───── Task material ─────
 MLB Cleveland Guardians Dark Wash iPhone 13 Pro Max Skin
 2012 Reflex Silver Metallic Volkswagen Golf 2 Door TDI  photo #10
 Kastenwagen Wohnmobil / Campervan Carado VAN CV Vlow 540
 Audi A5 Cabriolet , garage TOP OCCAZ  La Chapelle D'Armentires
─────
───── Task material ─────
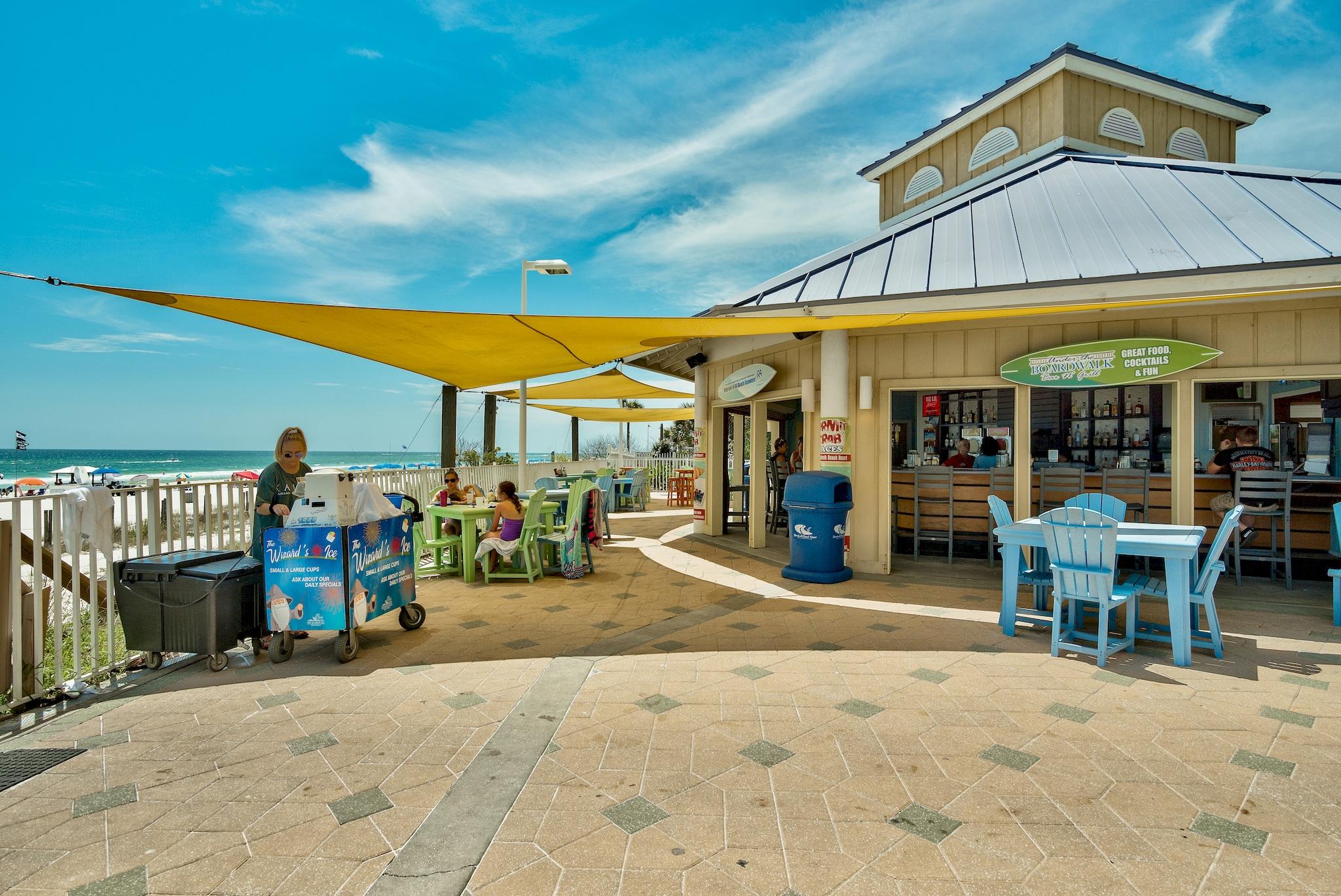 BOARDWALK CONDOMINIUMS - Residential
─────
───── Task material ─────
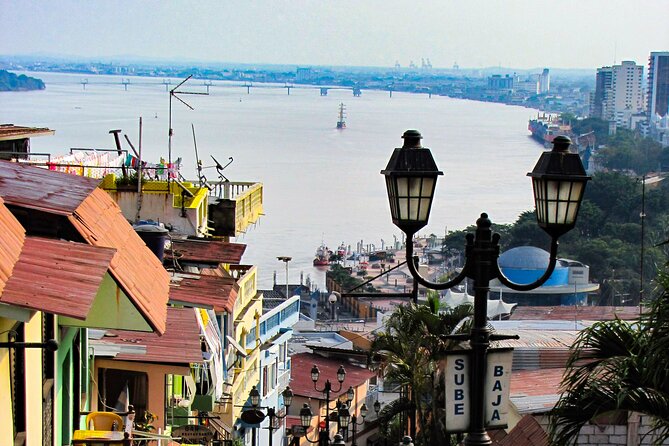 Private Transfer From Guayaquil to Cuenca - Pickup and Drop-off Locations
─────
▶ **Task requirements**:
Scan the records above for the lines holding "MLB Cleveland Guardians" and "Audi A5 Cabriolet". Transcribe those two and every line between them word for word, and no others.

▶ **Result**:
 MLB Cleveland Guardians Dark Wash iPhone 13 Pro Max Skin
 2012 Reflex Silver Metallic Volkswagen Golf 2 Door TDI  photo #10
 Kastenwagen Wohnmobil / Campervan Carado VAN CV Vlow 540
 Audi A5 Cabriolet , garage TOP OCCAZ  La Chapelle D'Armentires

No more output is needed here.